Richard Cordray, the head of the Consumer Financial Protection Bureau, recently spoke before the U.S. Senate's Committee on Banking, Housing, and Urban Affairs, and said that the agency has made significant progress in adding protections for consumers and bringing greater clarity to various types of lending, according to prepared testimony. In particular, Cordray was brought before the lawmakers to discuss the agency's Semi-Annual Report of the Consumer Financial Protection Bureau, which was released in July and covers the period from January 1 to June 30, 2012.

However, the director had more up-to-date information than that to share with the Senators, especially where it concerns consumers' reporting their complaints to the agency, the testimony said. From the start of the year through September 3, the CFPB had received 72,297 pieces of feedback on credit cards, mortgages, and other types of financial products and services, and the rate at which those have been coming into the agency has picked up over the course of 2012.

Further, the agency has also brought a number of new protections to the lending industry this year, the testimony said. Many were put in place in the mortgage industry, which can lead to many problems for consumers because of how difficult it can often be to navigate. For this reason, the CFPB has proposed a number of rules designed to make the mortgage lending process clearer, including simplifying disclosure forms so that consumers can understand them better when applying for such a line of credit, and making sure there is greater transparency and accountability in the mortgage servicing industry.

Since the beginning of the year, the agency has also introduced a number of other protections, including greater regulatory control over nonbanks, the testimony said. For this reason, it can oversee companies that offer services related to mortgages, payday loans, private student lending and the like, as well as companies responsible for credit reporting, as long as they are defined as "larger participants" in the industry.

Finally, the CFPB believes that all its efforts since gaining full regulatory power will likely lead to experts having a better overall understanding of consumer credit markets, the testimony said.

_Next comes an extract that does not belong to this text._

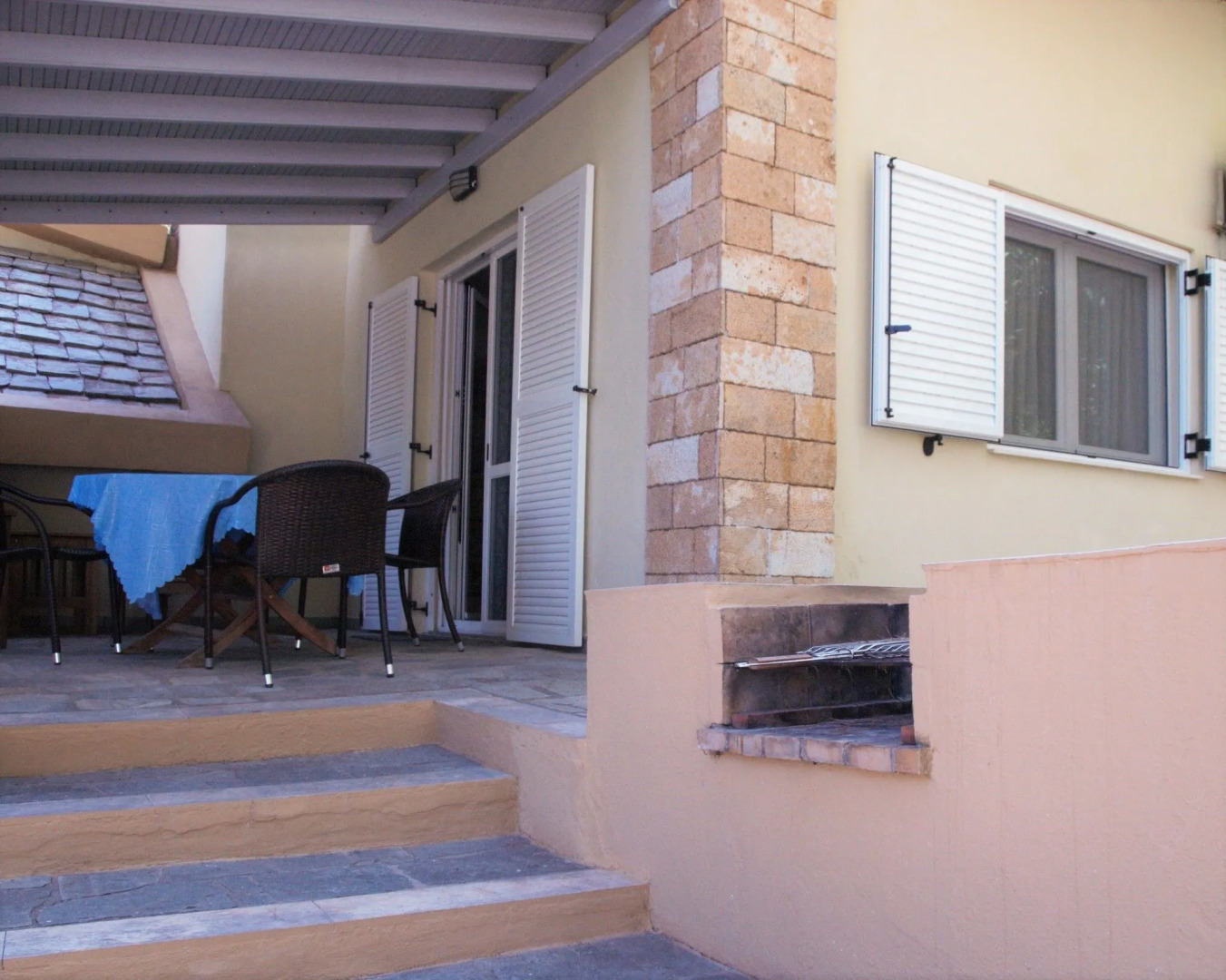 Sani Cape Villas - Stamatiadis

Through its attempts to better engage consumers, which seem to be working, the agency hopes that it will lead to better reach for its rule-making and, potentially, fiscal policy decisions.

Though the CFPB has existed since July 2011, political dissent prevented it from having a top executive until January, when Cordray, a former attorney general in Ohio, was finally appointed to the position. Since then, the agency has significantly ramped up its operations and has expanded its reach in the lending industry.